Ramesh Chakrapani, a managing director in Blackstone Group's mergers and acquisitions practice, was arrested and charged with conspiracy and securities fraud, according to the suit filed by federal authorities in U.S. District Court. Blackstone had been retained by Albertsons in 2005 to explore its strategic options and helped arrange its $17.4 billion sale to a consortium of Supervalu, CVS and private investors in January of 2006.
Chakrapani, 33, who most recently was working in Blackstone's London office, was suspended by the firm last week. “We are shocked by this alleged breach of the law and violation of our own compliance policies and ethical standards,” Peter Rose, a spokesman for Blackstone, told SN. “We are fully cooperating with the authorities in this investigation.”
According to the suit, the fraud occurred between the period when Albertsons rejected a takeover offer from the consortium in late December, and when a revised offer was accepted on Jan. 19. The final sale price of $17.4 billion valued Albertsons stock at $26.29 a share, or a 27% premium over its closing share price on Sept. 1.

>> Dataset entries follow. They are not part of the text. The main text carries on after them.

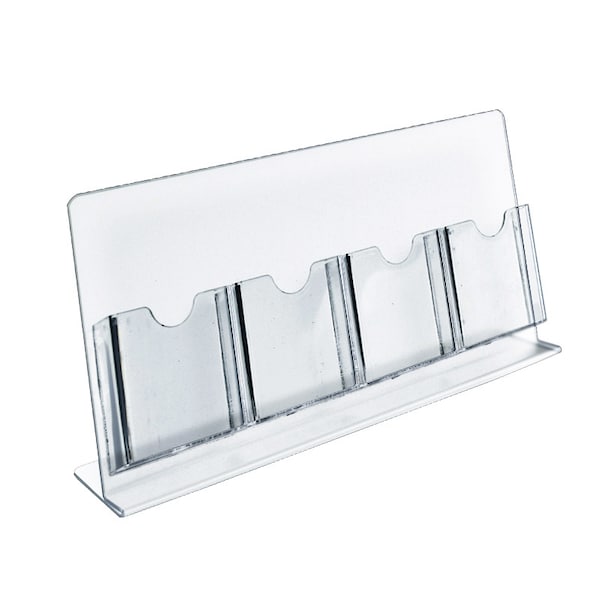Azar Displays Four-Pocket Slant-Back Brochure Holder, PK2 222978 - main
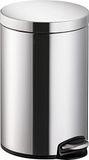 HELIT Metalen pedaalemmer classic - 12 liter - Grijs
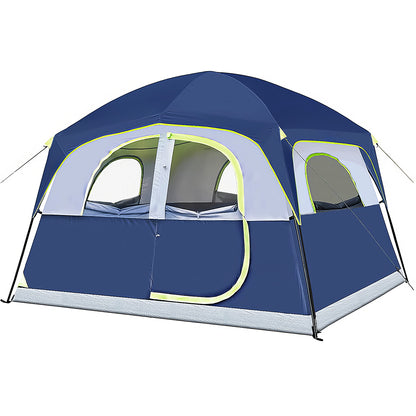 6 Person Dome Tent Waterproof Easy Setup 1 Door & 5 Mesh Windows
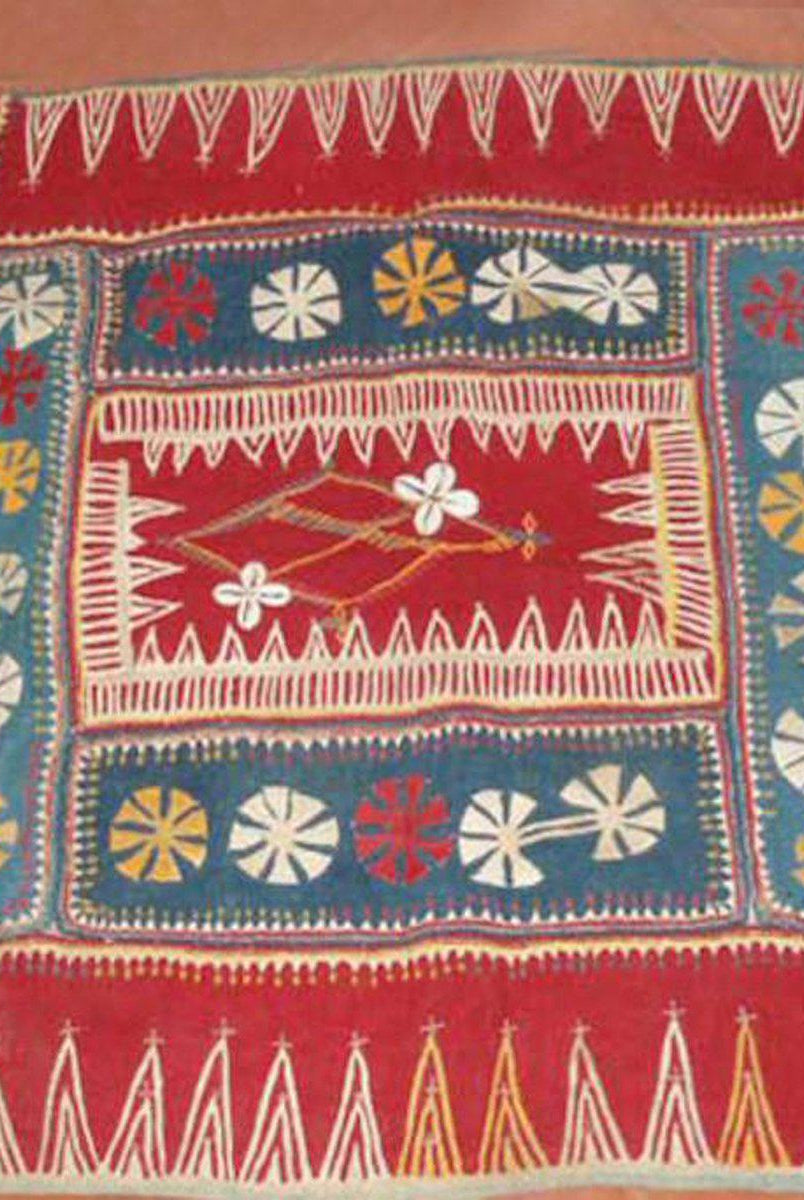 156 Vieux textile tribal brodé Banjara Ghodiyu-WOVENSOULS-Antique-Vintage-Textiles-Art-Décor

Chakrapani is alleged to have made several phone calls and text messages to an unnamed co-conspirator shortly after the consortium held a private meeting to consider making a revised bid for Albertsons on Jan. 9. The co-conspirator, a financial analyst, subsequently purchased 5,600 shares of Albertsons in a personal account and 425 call options, which allow the purchaser the right to buy shares at a certain price, in an account for the co-conspirator's parents. The tippee's firm also purchased more than 600,000 shares.
Those holdings were liquidated soon after the deal was announced Jan. 19. The co-conspirator's firm reaped profits of around $3.5 million, while the call options generated around $73,000, the suit said. Less than a month later, the co-conspirator sold all shares from a personal account, netting $18,000.

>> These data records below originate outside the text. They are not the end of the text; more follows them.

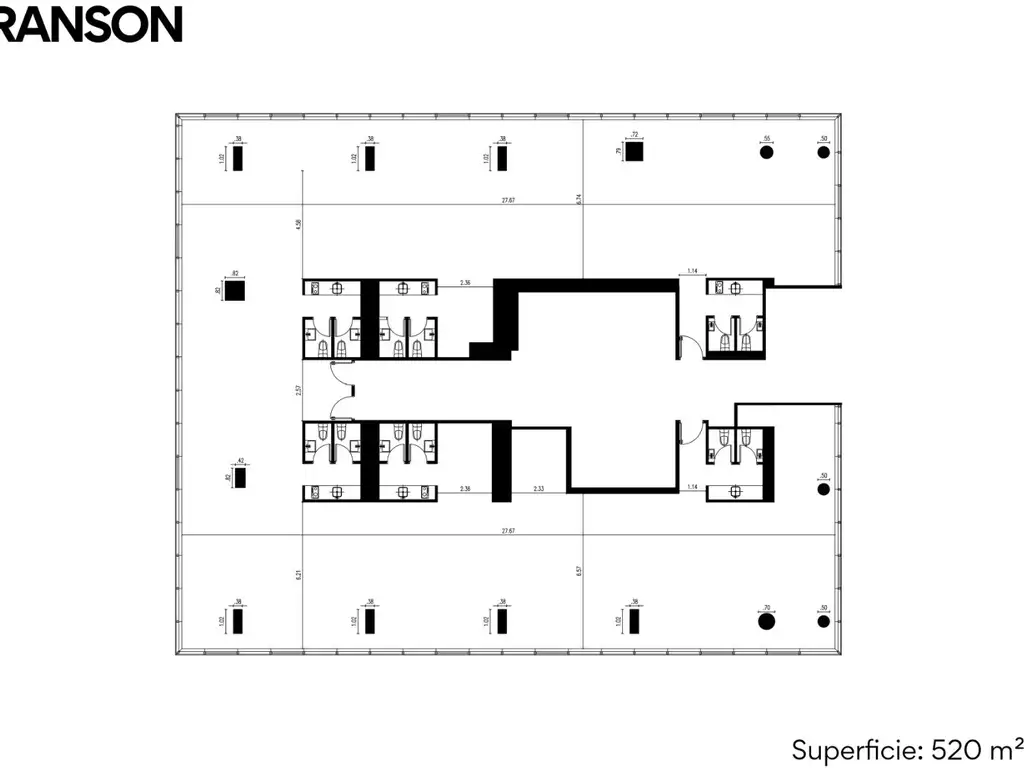 Espectacular Oficina  Piso 28  PLANTA ENTERA  520 m2  Av Corrientes en Lex Tower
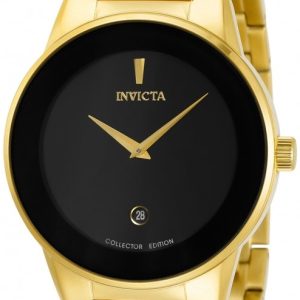 Invicta Herrklocka 30536 Svart/Gulguldtonat stål Ø40 mm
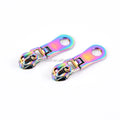 2026 5# Nylon Exquisite Rainbow Color Metal Zipper Slider Custom Creative Pattern Zipper Puller Zipper Head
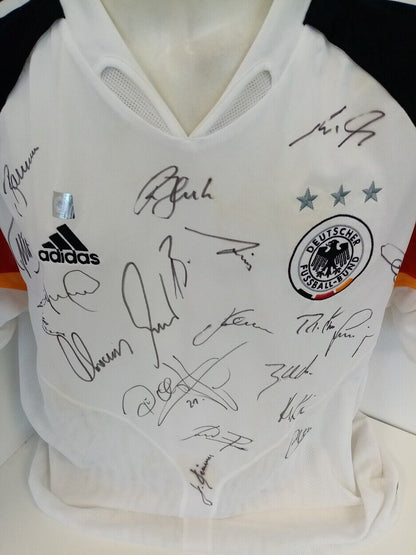 Deutschland Trikot EM 2004 Teamsigniert COA Autogramm Fußball DFB Adidas XL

The co-conspirator was not charged last week.
A biography of Chakrapani, pulled from Blackstone's website last week, identified him as having worked for the firm since 2001 and acknowledged he was “involved” in several transactions, including the Albertsons deal. He received a degree in economics and international studies from Yale University.
The New York Times last week quoted an internal memo from Steven Schwarzman, Blackstone's co-founder and chief executive officer, saying he was “saddened and outraged” at the actions of Chakrapani, whom he referred to as “a 30-year-old vice president” in a description thought to have meant to illustrate inexperience.
Other reports last week indicated Chakrapani played a support role in the negotiations for the Albertsons deal.
Blackstone is a global asset manager and financial advisory firm that has been involved in multiple supermarket deals. It managed about $116.3 billion in assets as of last September.
Chakrapani also assisted Jacksonville, Fla.-based Winn-Dixie Stores as a Blackstone representative when that retailer sold several stores and manufacturing assets in 2005.
The Albertsons sale was noted for its complexity, attracting both retailers interested in its best-performing stores and financial buyers keen on underperforming sites to extract real estate values. Advisors like Blackstone helped Albertsons align bidders into consortiums.